On appeal, Laporta argued that the term “physical abuse” in the policy exclusion implicitly required intent. According to Laporta, because Ramsey did not intend or expect to harm her, the exclusion did not apply. The Appellate Court of Connecticut disagreed. It found that the exclusion expressly exempted coverage for bodily injury arising out of physical abuse. According to the court, Laporta’s reading of the policy was “plainly unreasonable.” The court concluded that the stabbing clearly constituted physical abuse within the meaning of the policy.

The judgment of the lower court was affirmed.

Merrimack Mutual Fire Insurance Company vs. Ramsey-No. 30245-Appellate Court of Connecticut-November 3, 2009-982 Atlantic Reporter 2d 195.

Contractor challenges business risk exclusion

Tyson Fresh Meats, Inc., owned a wastewater treatment plant in Nebraska. The plant operations included football field-sized lagoons that were covered by polyethylene tarps. The tarps were secured with concrete in trenches surrounding the lagoons. In 2006, Tyson hired Copple Construction, LLC, to repair small holes in the tarps. Jerry Copple, the owner of Copple Construction, was preparing to patch a hole when his hot-air blower malfunctioned, causing a fire. One third of the tarp was destroyed; the estimated replacement cost exceeded $340,000.

Copple Construction filed a claim with its general liability insurer, Columbia National Insurance Company. Columbia denied the claim, and Copple filed a declaratory judgment action asking the court to find that there was coverage under the policy. The lower court found in favor of Copple. Columbia appealed.

The Columbia policy contained a business risk exclusion that read as follows: “[t]his insurance does not apply to…[t]hat particular part of real property on which you or any contractors or subcontractors working directly or indirectly on your behalf are performing operations, if the ‘property damage’ arises out of those operations.”

On appeal, Columbia argued that the lower court erred when it found that coverage was not excluded by this provision. The Supreme Court of Nebraska agreed. In reaching its decision, the court found that because the tarp was kept in place by a concrete-lined trench, the tarp was “annexed” to, and thus part of, the real property. The court also found that the property damage was to “[t]hat particular part” on which Copple was “performing operations.”
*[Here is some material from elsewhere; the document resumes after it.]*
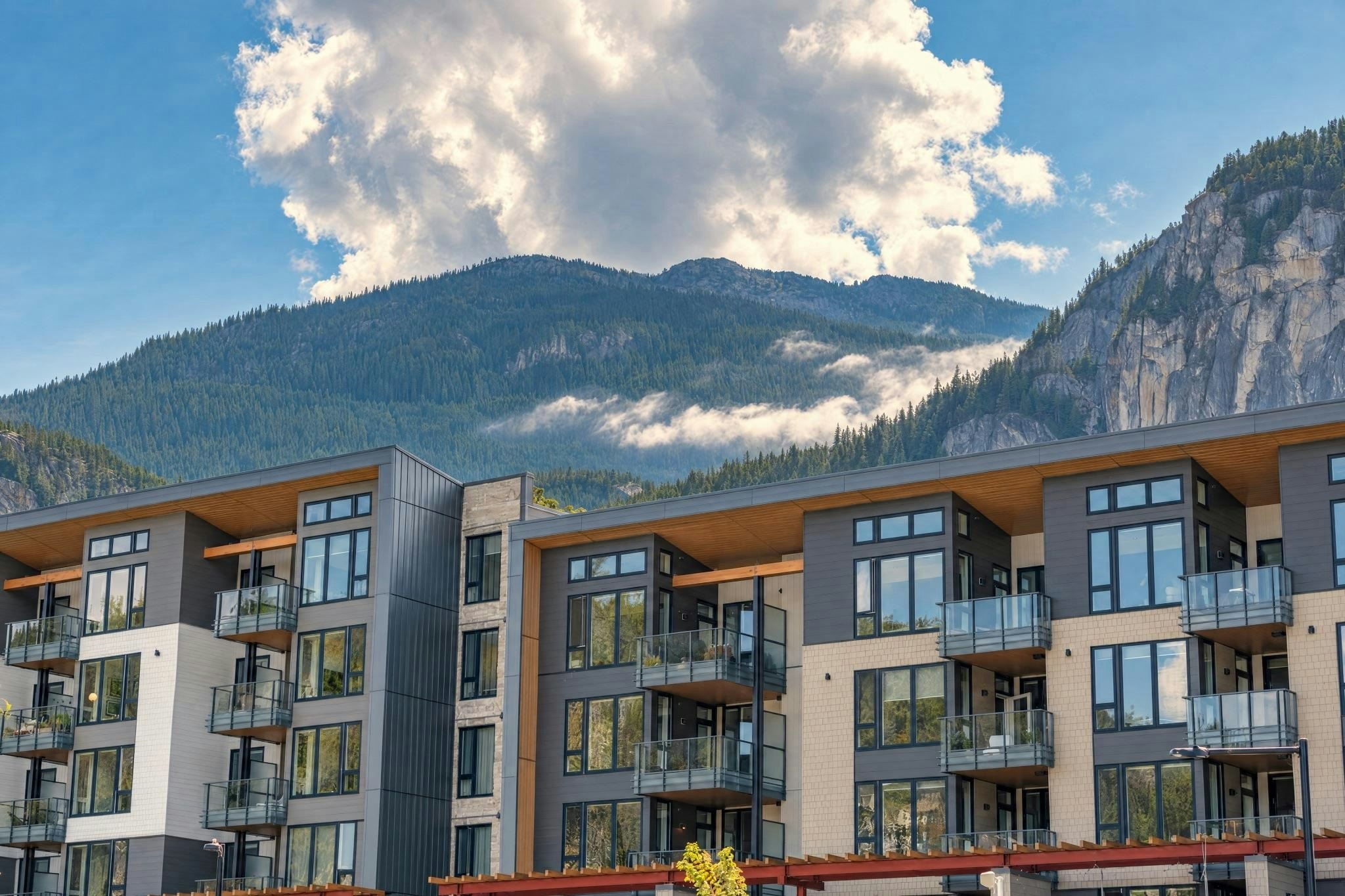 208-1506 Scott Crescent - 3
Copple had argued that “[t]hat particular part” included only the small portion of the tarp that it had been hired to repair, not the entire tarp. The court rejected this argument and concluded that it was “not possible to segregate the tarp at issue into smaller sections for the purposes of determining on what part of the tarp Copple was ‘performing operations.’” The court concluded that the business risk exclusion applied and that there was no coverage under the policy.

The decision of the lower court was reversed.
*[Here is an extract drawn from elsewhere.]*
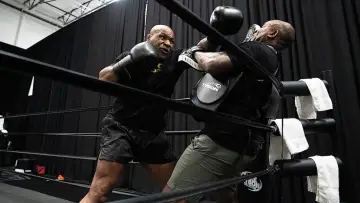 Backdrop for the TV series "Countdown: Paul vs. Tyson" #1553600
Copple Construction, LLC, vs. Columbia National Insurance Company-No. S-09-267-Supreme Court of Nebraska-December 24, 2009-776 North Western Reporter 2d 503.

Parents seek coverage for day care abuse

Kathleen King operated a day care business out of her home. Joe and Edie Ault hired King to take care of their daughter for $125 per week, but terminated services when they heard that King’s husband, Arthur, had molested another female child in the day care. Arthur eventually was criminally convicted of molesting the Aults’ daughter.

The Aults filed a civil lawsuit against the Kings. The Kings had a Grinnell Mutual Reinsurance Company farm and personal liability insurance policy, but they did not notify Grinnell of the lawsuit. Later the Aults’ lawyer sent a letter to the Kings’ insurance agency informing it of the lawsuit and also sent a copy of the complaint to Grinnell. Grinnell declined to defend or indemnify the Kings in the lawsuit. The Aults and the Kings eventually settled for $500,000 plus costs against the Kings.

On January 23, 2008, the Aults filed an action naming Grinnell as a garnishee defendant, claiming that Grinnell was obligated to indemnify the Kings from the $500,000 judgment. The trial court found in favor of the Aults; Grinnell appealed.

The Grinnell policy contained a business activities exclusion that excluded coverage for “‘bodily injury’ or ‘property damage’ arising out of ‘business’ activities of any ‘insured person’ when the total gross receipts from the ‘business’ activities exceed $2,000 in the prior or current calendar year.” The lower court found that this exclusion was ambiguous and construed it liberally in favor of the Aults. On appeal, Grinnell argued that the court erred in finding that the exclusion was ambiguous and that it did not operate to exclude coverage.

On appeal, it was undisputed that Kathleen King was an “insured person” and that her business grossed over $2,000 per year. The parties also agreed that Arthur King injured the Aults’ daughter while she “was in the care and custody of Kathleen King.” The issue, then, was whether or not the Aults’ daughter’s injuries “arose out of” Kathleen King’s day care business.

The Aults argued that “[f]or a grown man to negligently touch or fondle a minor, it does not require that the two be involved in a business activity. Arthur King could have just as easily touched [the Aults’ daughter] in another setting, or at another place.”

The Court of Appeals rejected this argument. In reaching its decision, the court stated: “We do not see how the causal connection between Kathleen’s business activities and [the Aults’ daughter’s] injuries could be any more direct.” The court found the Grinnell policy unambigu­ously excluded coverage for the daughter’s injuries as well as any injuries to the Aults deriving from their daughter’s injuries.

The decision of the lower court was reversed, and the case was remanded to the lower court.

Grinnell Mutual Reinsurance Company vs. Ault-No. 25A03-0905-CV-205-Court of Appeals of Indiana-December 17, 2009-918 North Eastern Reporter 2d 619.